Schumer Floor Remarks On The Trump Administration’s Budget ProposalFebruary 10, 2020
Washington D.C. – U.S. Senator Chuck Schumer spoke today on the Senate floor in opposition to President Trump’s budget proposal, which can also be viewed here:
Today, President Trump unveiled his budget proposal for Fiscal Year 2021. For the third year in a row, the President’s budget puts a magnifying glass on the endemic, pervasive hypocrisy of this Administration. He says one thing in his State of the Union and does the opposite in his budget, but the budget is what he does, the State of the Union is just what he says.
So, one week removed from his State of the Union address, President Trump’s budget double-crosses American workers and middle-class families he promised to help in that speech.
Let’s take health care. Candidate Trump promised to protect the social safety net: programs like Medicare and Medicaid, unlike other Republicans.
But once in office, President Trump has proposed cutting—cutting—Medicare and Medicaid every year he’s sent us a budget.
Once again, the president proposed steep cuts to Medicaid as well as onerous new qualification requirements, policies that would take coverage away from millions. Medicaid affects poor people, but it affects a whole lot of middle-class people whose parents are in nursing homes and health care facilities. Dramatic cuts to Medicaid hurt large, large numbers of Americans—both poor and middle-class Americans.
On top of that, the budget proposes cutting funding for the Department of Health and Human Services by 9 percent. That’s the department in charge of the coronavirus! He’s cutting the budget. Then he’ll find, when something bad happens, he’ll blame somebody else. That’s his MO.
The president stood in front of the nation and promised that his administration would protect Americans with pre-existing conditions. It was a lie when he said it, and his budget makes that very, very clear.
If the President’s budget became a reality, hundreds of billions of dollars would be taken away from health care services, and tens of millions of Americans would see their coverage disappear, including millions with pre-existing conditions.
There is one term that appears nowhere in the president’s budget: it’s called climate change.

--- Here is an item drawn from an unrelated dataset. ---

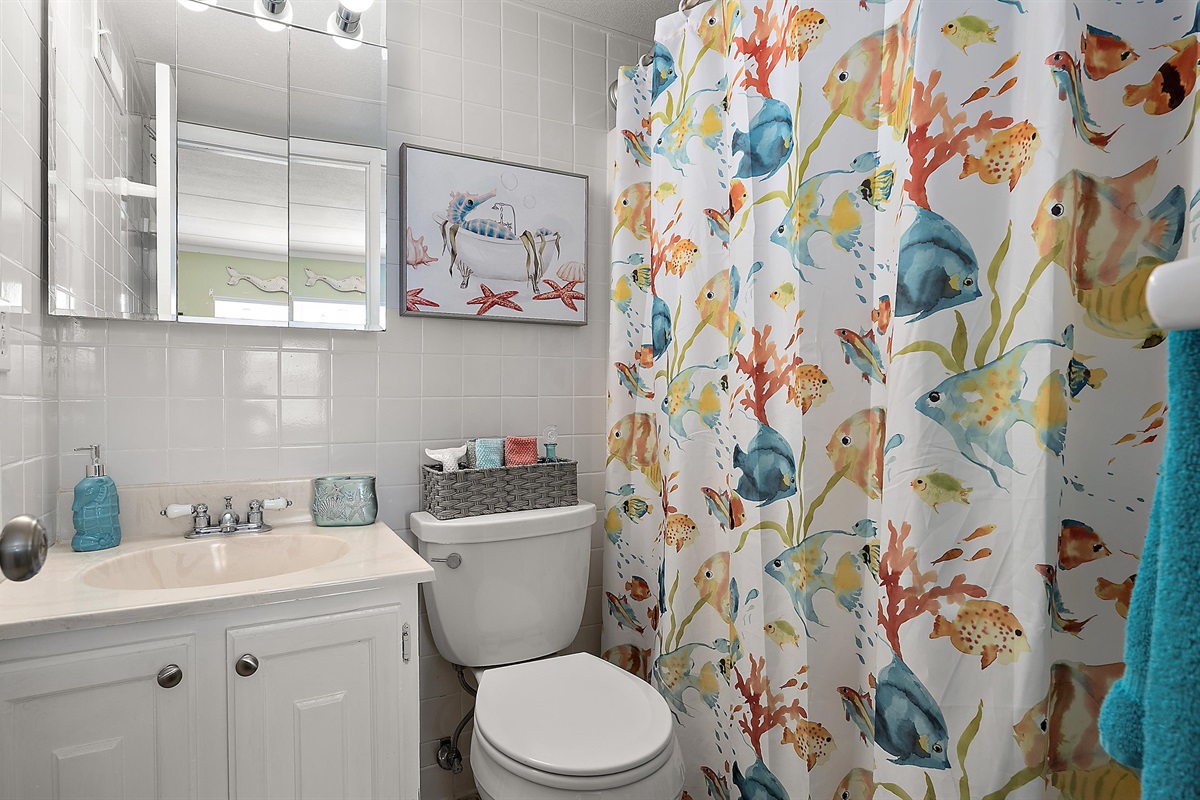 The ensuite bathroom with a shower/tub combination is the perfect place to refresh after a day in the sun.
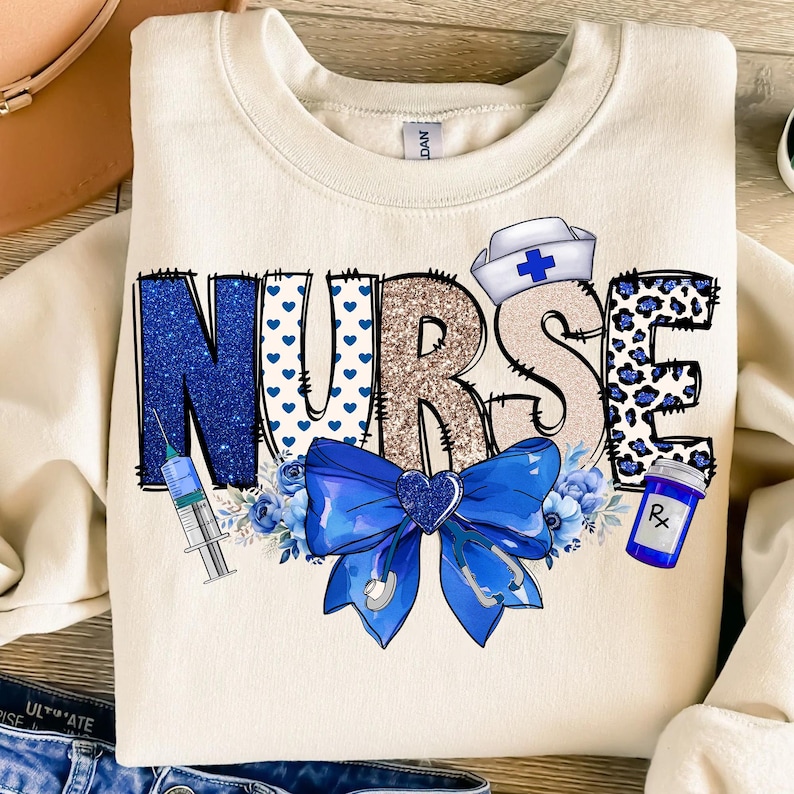 May include: A cream-colored sweatshirt with the word "NURSE" in blue, gold, and white glitter letters. The letters are decorated with blue hearts, leopard print, and a blue bow with a stethoscope. A syringe, a blue flower, and a bottle with a prescription label are also included in the design.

One of the greatest challenges of our time, the number one threat facing our planet, climate change, is not mentioned once among the hundreds of pages of the president’s budget. Except it does propose cutting the Environmental Protection Agency budget by 26%—more than a quarter.

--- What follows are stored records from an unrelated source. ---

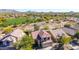 Aerial view showcasing the house and surrounding area at 3055 N Red Mountain Rd # 149, Mesa, AZ 85207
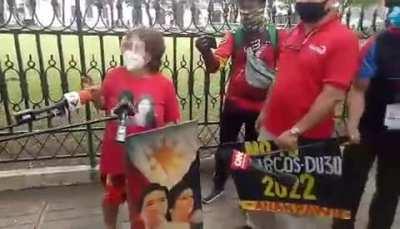 LOOK: A Marcos loyalist stages a protest rally in front of the COMELEC office (from Philippine Star)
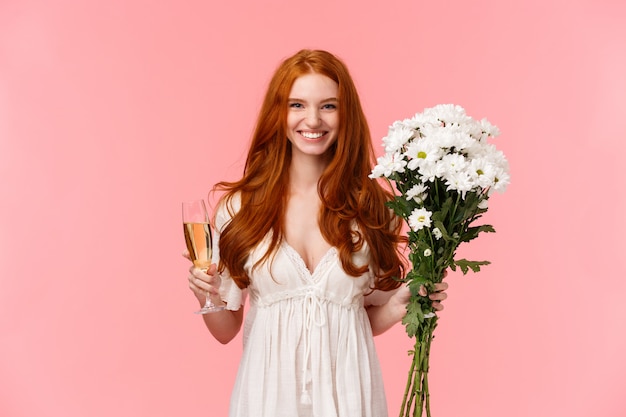 Atraente e animada namorada ruiva romântica recebe presente, segurando flores buquê branco e taça de champanhe, bebendo comemorando a ocasião, tendo o dia dos namorados perfeito, rosa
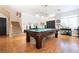 Spacious living room featuring beautiful hardwood floors, stairs and a stylish pool table at 11134 Casala Ct, Las Vegas, NV 89141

The Earth is on fire—Antarctica had a 64 degree record temperature this week—and what’s the president’s response? He douses the fire with the lighter fluid of weakened pollution regulations, and then proposes cutting the fire department. He cares about the oil companies. Lots of those big oil wildcatters, send ‘em tons of money. He doesn’t care about the future of this globe, and we’re leaving something awful to our children and grandchildren.
Going further…in the President’s budget, hundreds of billions of dollars would be slashed from federal housing assistance, student loan forgiveness, and federal disability insurance. Nutrition assistance to hungry families, long on the President’s chopping block, would see another round of severe cuts. Food, food for children. They’re poor, take it away. Is that what this country stands for? Is that what our Judeo-Christian tradition stands for? Absolutely not, absolutely not.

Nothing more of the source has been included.